476 (riparian owners); Pendergrass v. York Mfg. Co., p. 509 (nonsuit); Turner v. Hallowell Sav. Institution, p. 527 (wills); Atwater v. Sawyer, p. 539 (inn -holders), and Burgess v. Stevens, p. 559 (mortgages, foreclosure).

His opinions in the next ten volumes (77-87) are of the usual variety to be found in courts of common law also having equity jurisdiction, and the topics are those that are of daily occurrence, in and out of court.

One of his best considered and most important cases, which first came to my hands as reporter, appears in the eighty-first volume at page 538. It is Weeks, Ptr. for Mandamus v. Smith, to compel the Secretary of State to restore to his office the "Medical Registration Act" of 1887, as an act regularly approved and in force as a public law. After the passage of the bill by the Legislature it was vetoed by the Governor, whose veto was sustained. It was claimed, how ever, by the petitioner, that it had been approved by the Governor and had become a law and was deposited in the Secretary's office before he had vetoed it. The bill was passed to be enacted March 17, as appeared by the certificate of the presiding officer of each house of the Legislature. Upon it was also indorsed a certificate of the Secretary of State of the same date: "Returned to the Senate by the Governor. Signature refused. Failed of passage over his veto." Above this certificate appeared these words: "Approved, March 16, 1887," and the signature of the Governor, with a heavy line in ink drawn through the March 16, and the name of the Governor.

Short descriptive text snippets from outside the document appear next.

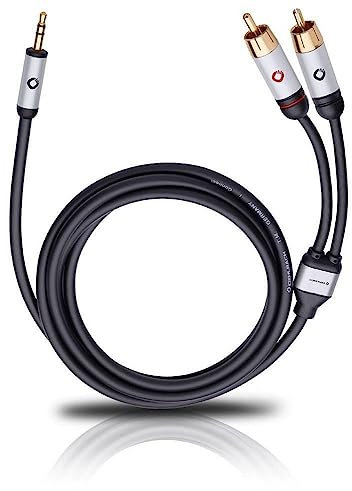 OEHLBACH i-Connect Audio Kabel J-35/R - Klinke 3,5 mm auf 2 x Cinch - analog - Stereo - schwarz - 1,5m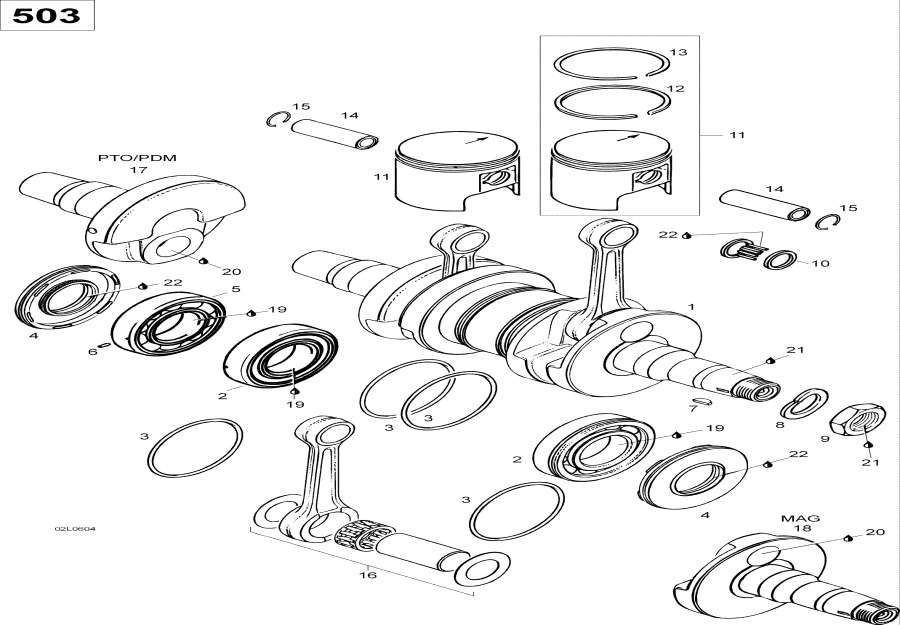 Snowmobiles lynx  - �������� � ������ / Crankshaft And Pistons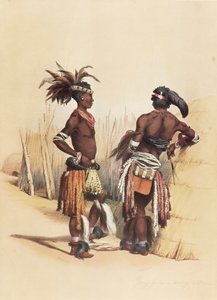 Zwei junge Zulu-Männer in lebhafter traditioneller Kleidung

It became an interesting question at the outset whether the records in the Secretary's office were subject to be controlled by parol evidence. The opinion holds that they can not thus be overturned; and that when they are fair upon their faces, showing no infirmity that would invalidate the record if not explained, they are conclusive of what they purport to be. This result is reached from a full examination of the authorities, both American and English, and from which is also adduced the decision that it is a judicial question, whether an act of the Legislature has been constitutionally passed, to be decided by the Bench from an understanding of public matters, regardless of plea or proof. This case was ably argued by eminent counsel, and the court dismissed the petition, having decided that the act never became a law. This case is quoted by the Supreme Court of the United States in its decision on the McKinley Bill, and its doctrine approved. See Field v. Clark, 143, U. S., 677.

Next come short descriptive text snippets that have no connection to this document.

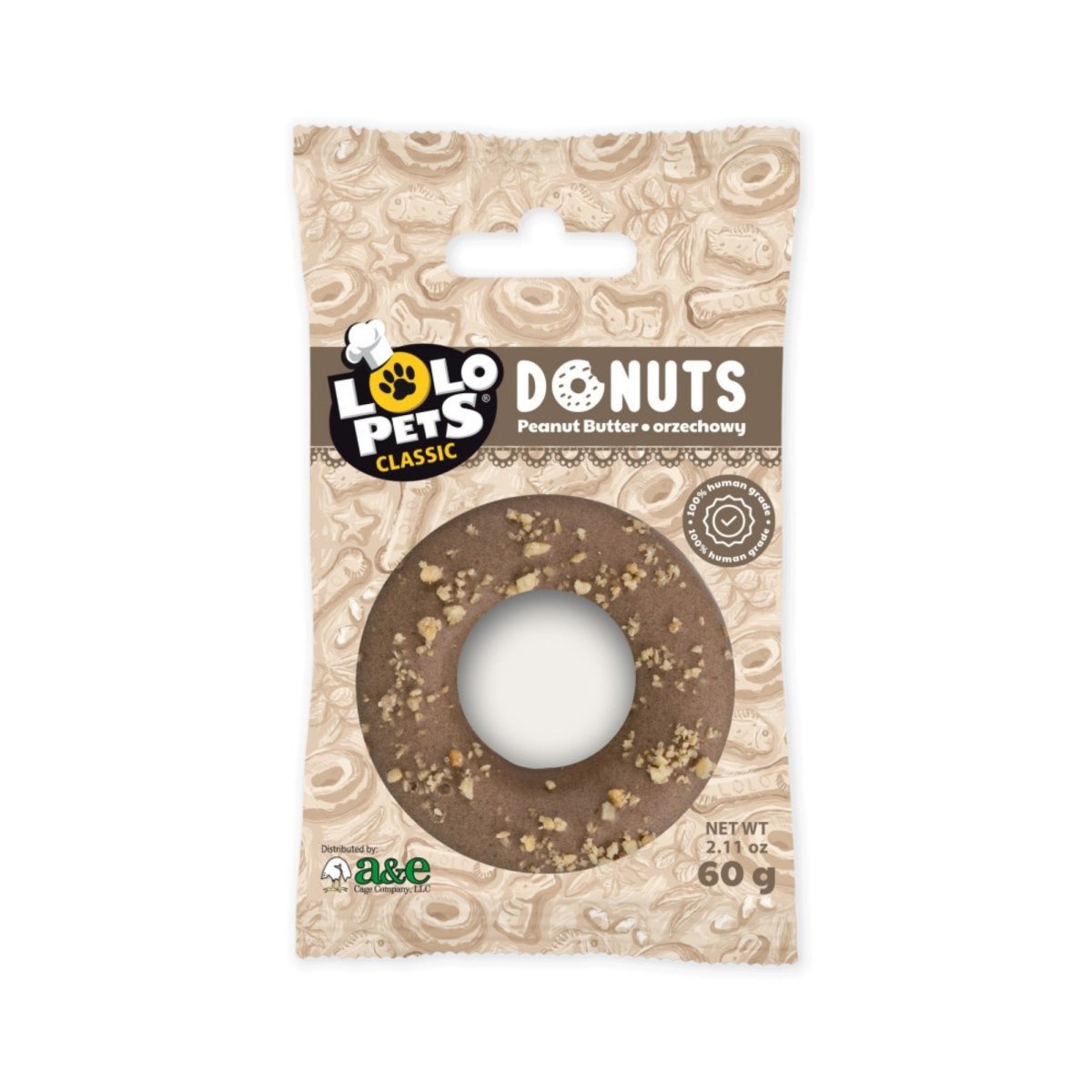 A & E Cages LoLo Pets Bakery Gourmet Donut Dog Treat Peanut Butter, 1ea/One Size - Pets Perfect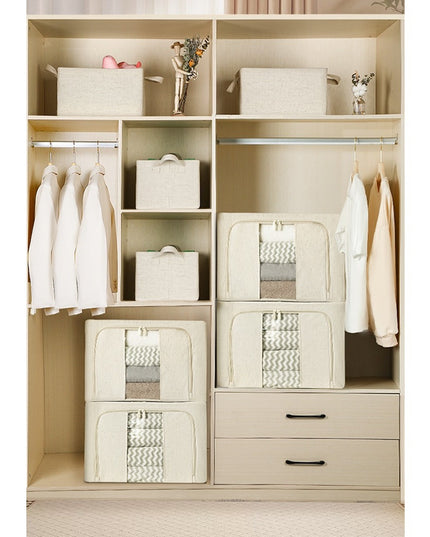 de Depozitare Pliabila, Cu Fereastra si Fermoar Dublu, 66 L, Textil Premium,Cadru Metalic, Impermeabila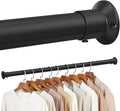 Closet Rod,18 to 80 Inches Matte Black Closet Rods for Hanging Clothes Heavy Duty Closet Hanging Rod Adjustable Closet Poles for Wardrobes,RV,Laundry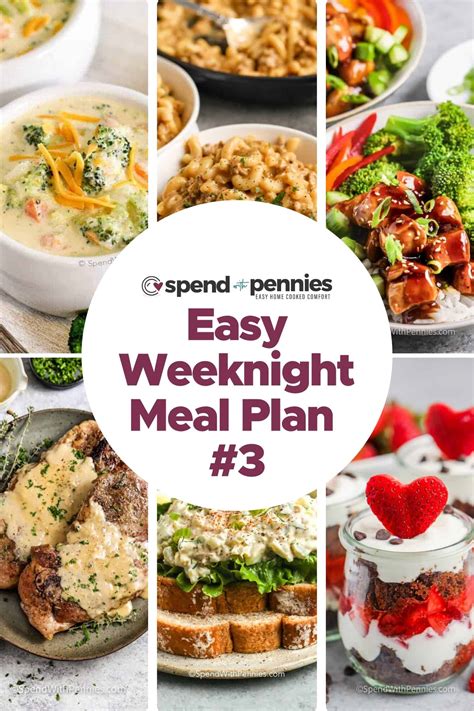 Easy Weeknight Meal Plans Collection - Spend With Pennies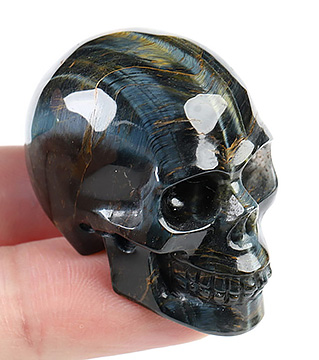 Gemstone 1.6" Blue & Gold Tiger's Eye Hand Carved Crystal Skull, Realistic, Crystal Healing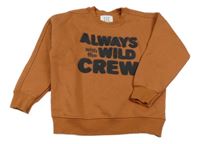 Hnědá mikina s nápisem 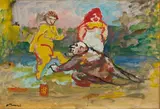 Mino Maccari, Figure, 1952, oil on paper applicata on canvas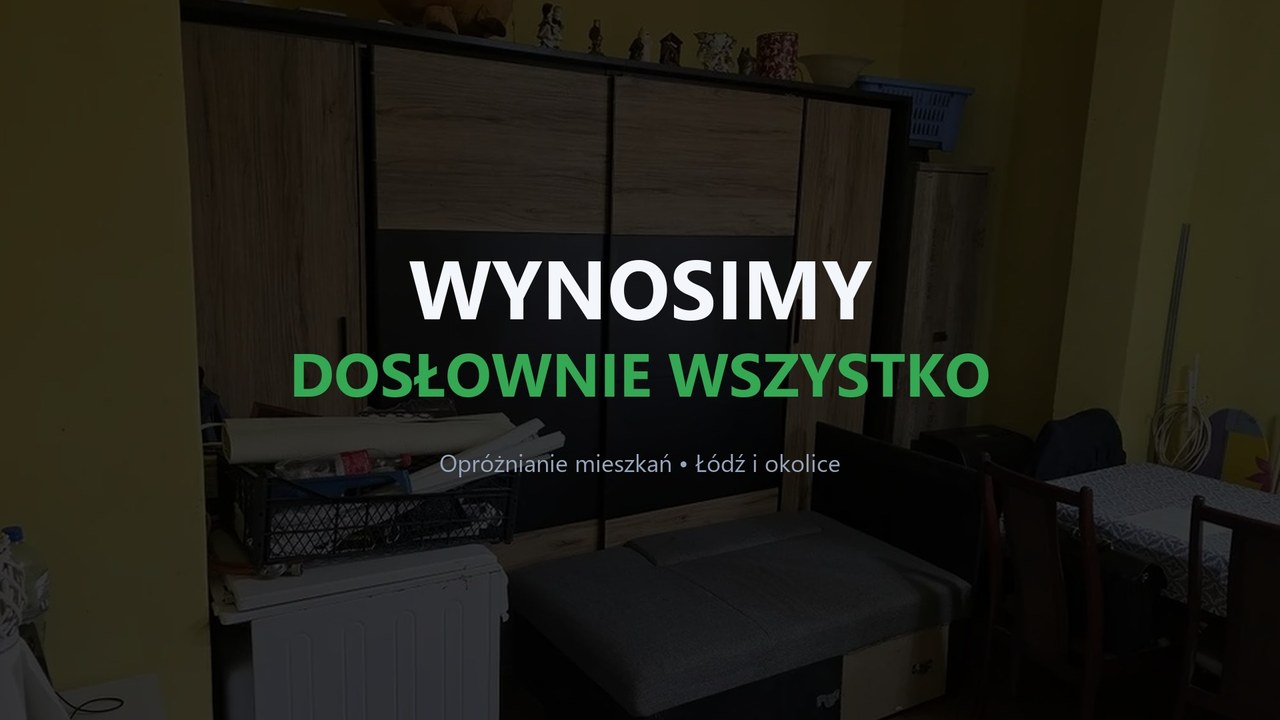 Kadr z filmu o opróżnianiu mieszkań i wywozie mebli w Łodzi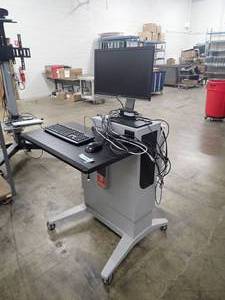 lot 1 image: Mobile Workstation with Monitor, Keyboard and Mouse  Includes X-write EO2-EFI-ULZW Advanced Spectrophotometer  Has power and visual cables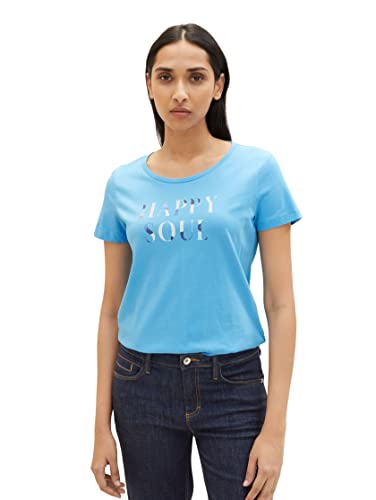 TOM TAILOR Damska koszulka z napisem, 21184 - Soft Cloud Blue, S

The eighty-second volume contains more than his share of cases, and three that help make the book valuable. Allen v. Maine Central Railroad, page 111, is an admirable opinion for its power of statement, terseness of style and plain application of the law in cases of contributory negligence.

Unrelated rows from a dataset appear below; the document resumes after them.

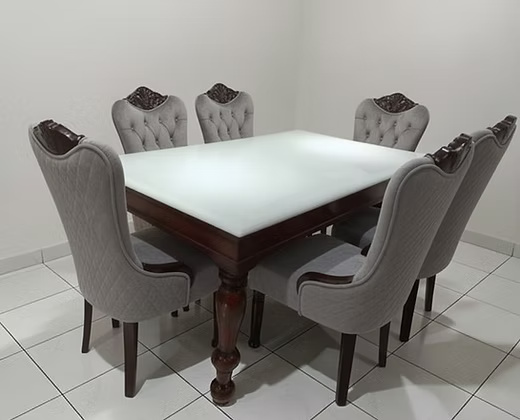 6 seater Marble top Elegant Dining Table Set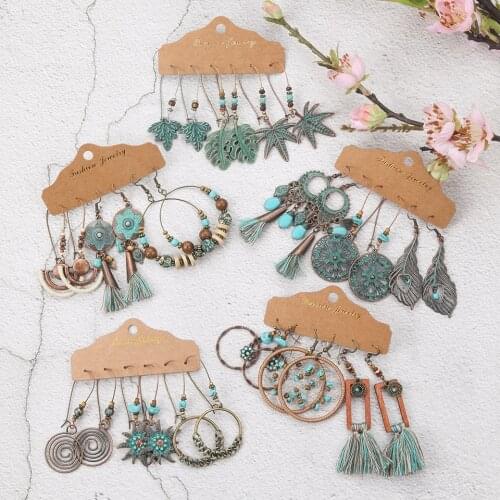 Boho Vintage Earrings Set For Women Brincos Shell Geometric Bronze Tassel Dangle Drop Earrings Charm Ethnic Statement Jewelry
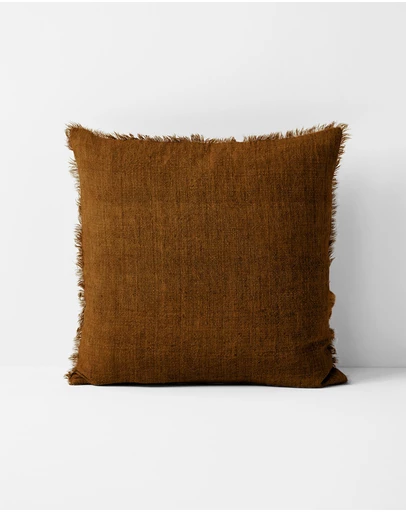Aura Home - Vintage Linen Fringe Cushion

James v. Wood, page 173, treats of the illegal capture of game. Hutchins v. Ford, page 363, finds the Judge at home upon a familiar topic, marine insurance and barratry, in which he holds that a policy written by the Portland Lloyds covers barratry of the mariners, but not of the master when the insured is an owner of the vessel. The opinion is full, covering each point raised, amply fortified with decided cases, and although requiring labor and research, shows an easy handling of the subject, as might be expected. He was one of the committee of judges who formed the equity rules published in this volume. Of his fifteen opinions in the eighty-third volume, one, Webster v. Tuttle, page 271, treats of constitutional law and the quieting of land titles; Morrill v. Everett, page 290, the redemption of land sold on execution, is a well-wrought, finished application of equity law and collateral questions arising in the suit; and Bank v. Maxfield, page 576, discusses commercial paper and the right of national banks to take mortgages.